Published online by Cambridge University Press: 20 February 2024
Abstract: Chapter Five engages with the argument that genitourinary ailments were not important in the construction of men's sexual selfidentities. It counters this suggestion by illustrating that vernacular literature ubiquitously described genital complaints, and urinary difficulties, as some of the most painful men could experience. The pain these patients felt shaped emotional communities that bound patients to those around them. Moreover, in contradiction to scholarship that has suggested that physicians and surgeons thought little about their patients’ pain, this chapter illustrates that medical practitioners’ practices were increasingly shaped by their patients’ pain. This occurred in line with increased attention to the mechanisms of pain in medical texts from the 1660s.

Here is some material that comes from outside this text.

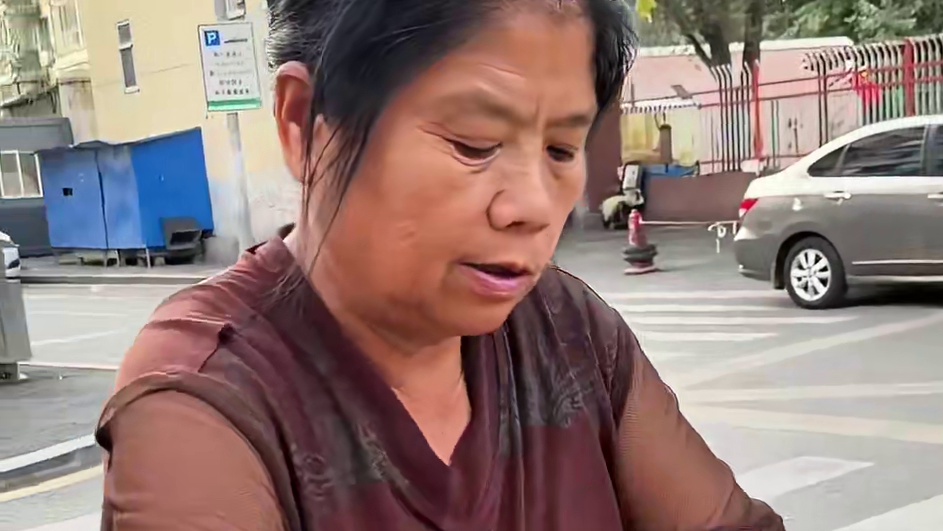 沈阳街头大姨鸡骨棒，大姨也有温柔的一面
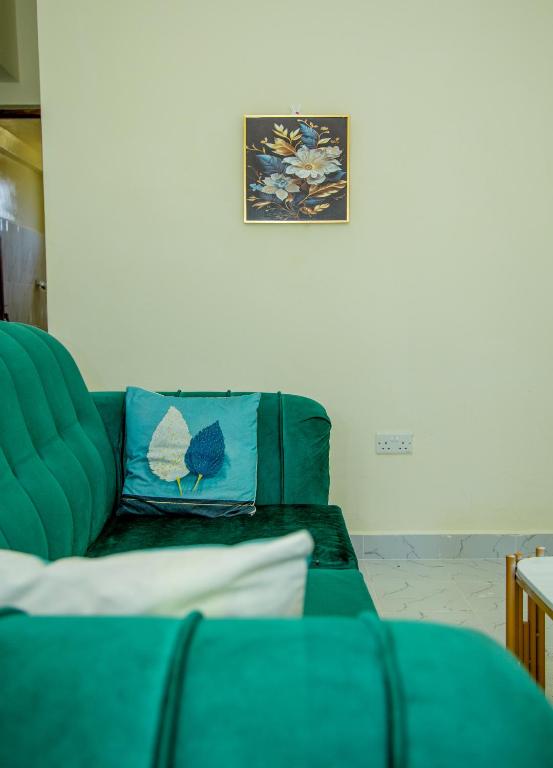 Posezení v ubytování Tiny Haven executive one bedroom with free WIFI and Netflix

Keywords: pain; emotional communities; analgesics; medical practice; pain relief
As we have seen, questions have been raised over the relative importance of genitourinary health to men's lives and identities. However, genitourinary conditions were important in shaping men's identities as patients because disorders affecting the testicles, and the genital region, were conceived of as some of the most painful ailments men could experience. This was one of the ways in which medical writers sometimes conceived of pain in terms of sex difference. Scholars have shown that men's responses to pain were not explicitly gendered; rather, pain was experienced and expressed through the flexibility of the humoral model. Pain could push men and women to act beyond expected gender norms, again suggesting a flexibility in how pain was experienced and expressed. Yet, men's narratives of illness were distinct from those provided by women, as they considered each illness in relation to their own previous bodily experiences. Moreover, some painful experiences were gender-/sex-limited. Childbirth was uniquely experienced by birthing women. Likewise, men's genitals were configured in medical literature as uniquely sensitive to pain. Men's genitourinary disorders represented an experience of pain particular to men. Pain created emotional communities that bound patients to those around them. Barbara H. Rosenwein explains that emotional communities were groups in which people shared norms of emotional expression and valued related emotions. In this context, pain related to the genital region allowed others to share in the experiences that genitourinary ill health created, by presenting family and friends with opportunities to acknowledge, intercede, and ameliorate the patient's pain. It thus bound patients and onlookers through shared emotional expression and concerns.